I paused because I understood that my friend’s argument stems from the comfort of a cis-straight white life — ingrained and blind to a reality beyond what it knows.
However, there was one aspect of my friend’s argument that I did not entirely disagree with.
“I think the gay pride issue is way to glamorized by the media,” he said. “Why do they have to victimize themselves? Why don’t they also celebrate Palestinian pride, Rohingya pride, or Syrian pride?”
The question remains and the only answer I can think of is that the LGBTQ+ community is now an exploitable economic niche for big brands, just as communities of color have been for the past few decades.
While visibility is very important in our fight for equal rights, it is also a multi-million dollar industry for those who made their name and fortune by standardizing patterns that have done us so much harm.
John Paul Brammer, author, and columnist left the question open a year ago in his Washington Post op-ed: “Who can afford to be proud?” He refers to the myriad of products designed around the colors of the rainbow and our community, especially the white gay community.
“Corporations, by their nature, want to make money, so they center the affluent minority of LGBTQ people, who skew white, gay and male,” he wrote. “No matter where Pride proceeds go, and even if paid events are mostly by and for LGBTQ people, they are inherently exclusionary, and the people most in need of resources are the ones who get left at the gate.”
This would seem to support Calvin Klein’s image decision. But, in the face of a parallel reality where members of the LGBTQ community suffer discrimination, poverty, and homelessness at disproportionate levels, it would seem that advertising, before being challenged, is simply exploitative.
Events such as the Circuit Festival in Barcelona, Spain, show this parallelism between those who want to take advantage of profitable demography and those who really want to echo and perpetuate injustices.
In 2019, the Circuit — the largest gay festival in the world — reached around 70,000 attendees during the week of activities during the month of August in Barcelona.

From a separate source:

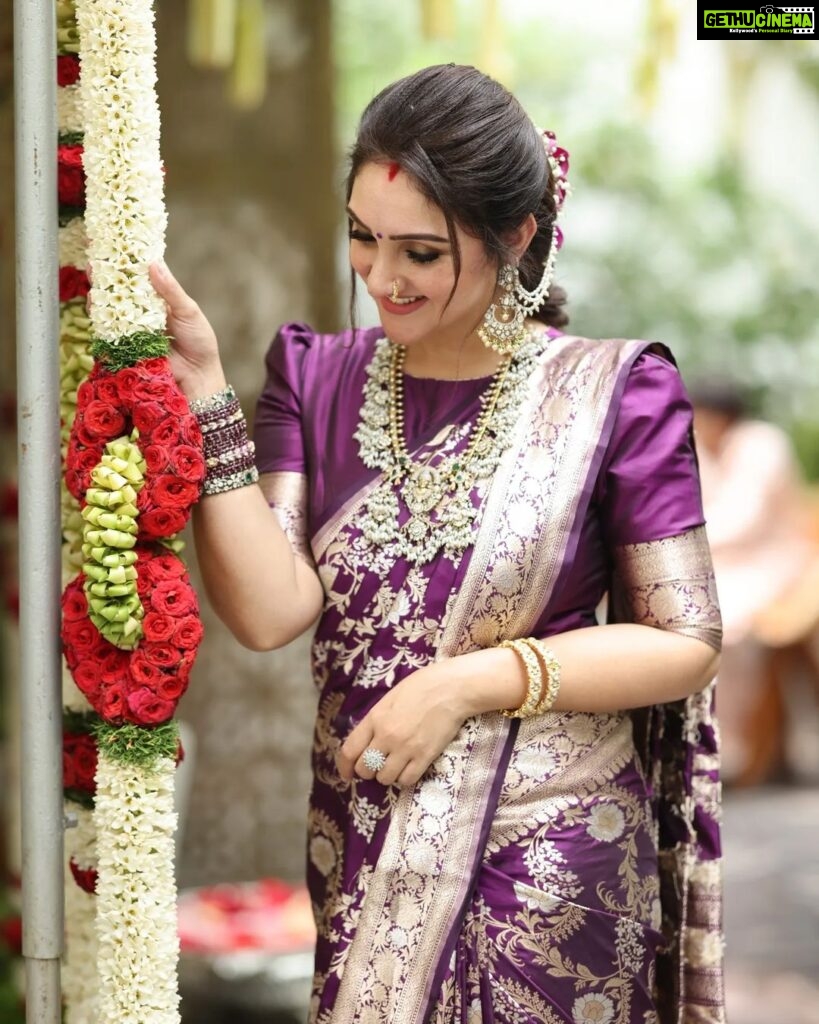 Sridevi Vijaykumar Instagram - Six yards of pure grace ❤️ . . . . Saree:@she_fashionzoffl Jewellery:@lotus_silver_jewellery @antiquelotuss_official Hair: @artistrybyfathi Flowers:@efflorescence_bridal_flowers Photography:@jaikumar_vairavan #sareesofinstagram #saree #sareelove #loveforsaree #traditionalwear #festive #benaras #benarasi #silksaree #jewellery #beauty #indianwear #indianstyles #sareestyle #instafeed #instaquotes #instagram #photography #function #family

According to its organizers, the festival earned the city around 100 million euros.
This type of event has for decades trumpeted gay men as a desired target in the market because of their high purchasing power and their luxurious commercial appetite.
Meanwhile, the Stonewall Riots and the reason why we celebrate the pride of being who we are in June are lost in the commercial misrepresentation of history.
You have to ask yourself what the strategy is behind that giant billboard in Manhattan and the real positive impact it can have on those of us who, despite everything, still feel like second-class citizens.